- _Exercise_
Each line from the one containing "Scoop neck long sleeve t-shirt" through the last line of the records is to be repeated exactly, with all pictures left out.
—————
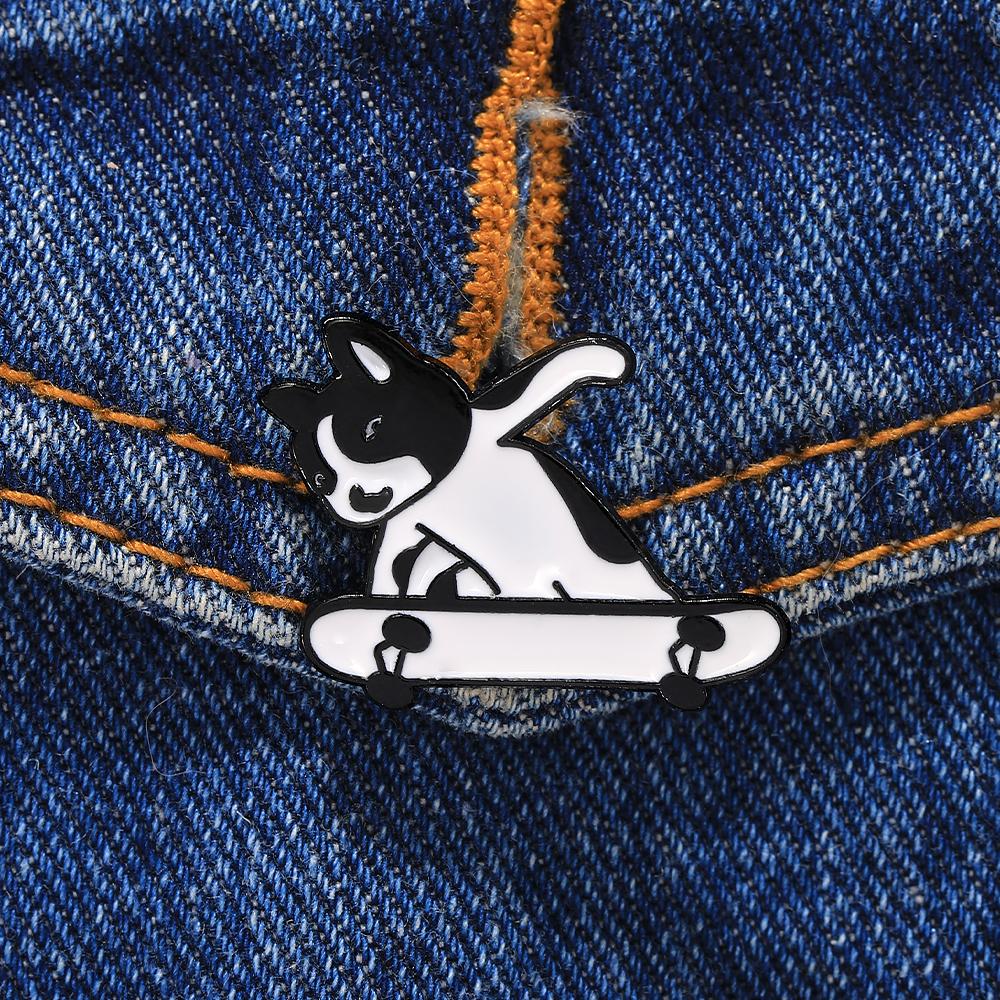 Funny Skateboarding Dog Enamel Brooches Black Puppy Pins For Pet Lovers Backpack Bag Hat Jewlery Gift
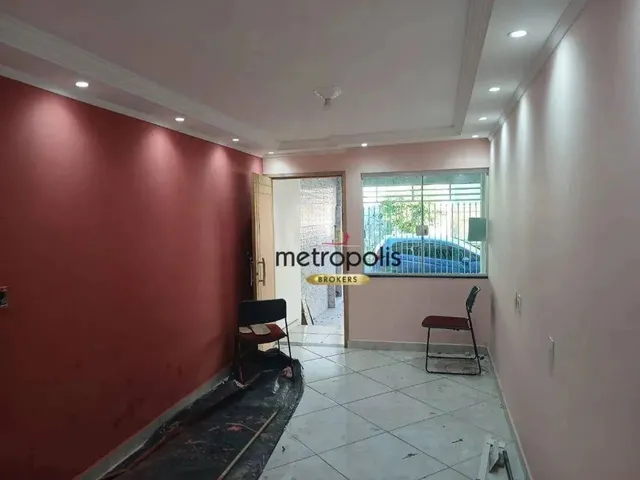 Imagem: A casa possui 3 Dormitórios, 2 Banheiros, 2 Vagas na
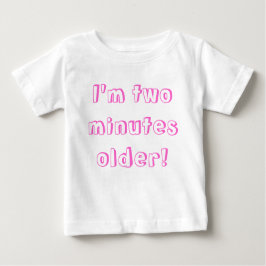 Ältere Zwillingsfrau.. Ich bin zwei Minuten älter! Baby T-shirt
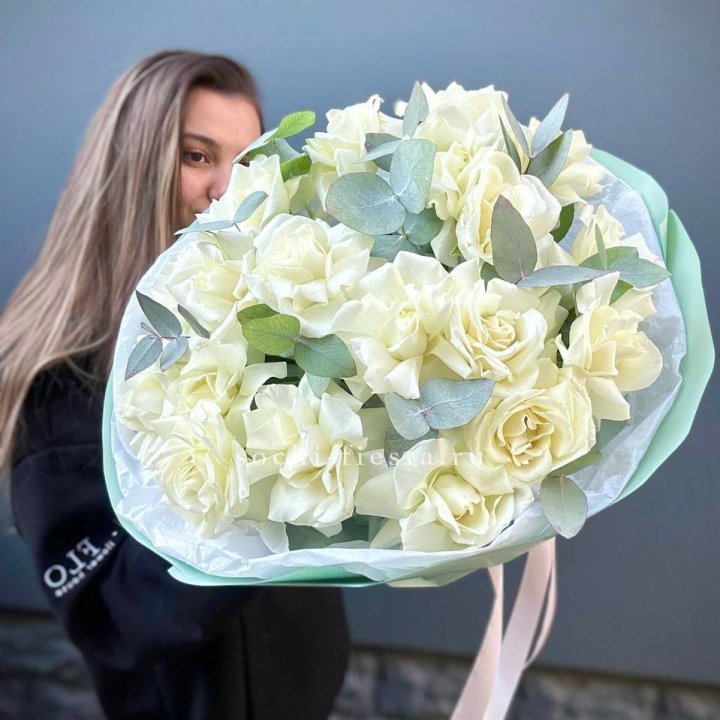 19 Белых французских роз "Ноте бьянке" в Грозные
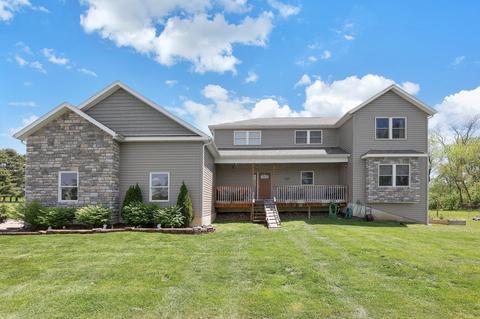 8751 Licking Trails Rd, Thornville, OH 43076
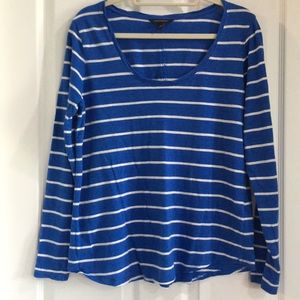 Scoop neck long sleeve t-shirt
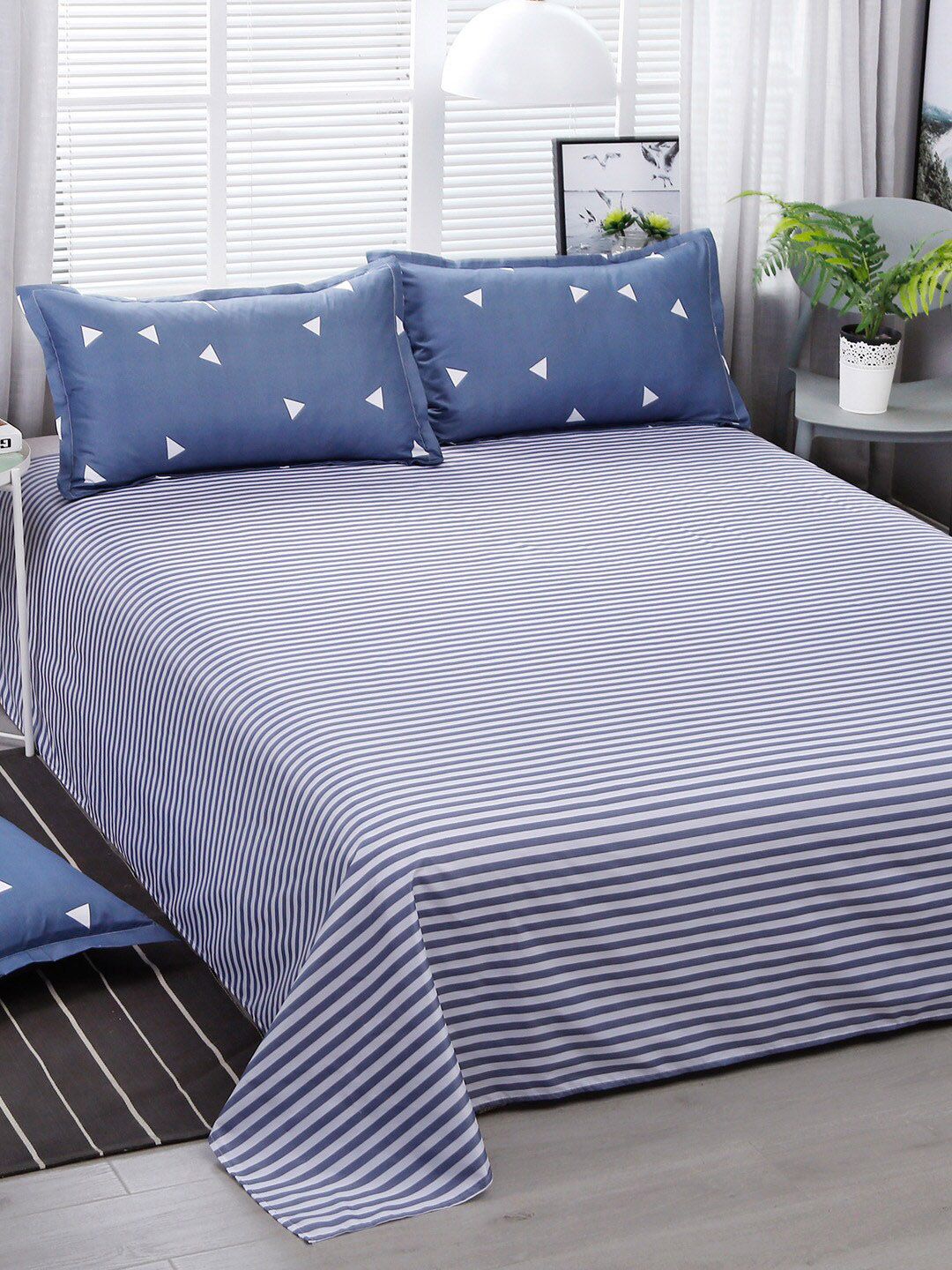 JC Collection Navy Blue & White Printed Double King Bedding Set With Quilt Price in India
—————
- _Exercise answer_
 Scoop neck long sleeve t-shirt
 JC Collection Navy Blue & White Printed Double King Bedding Set With Quilt Price in India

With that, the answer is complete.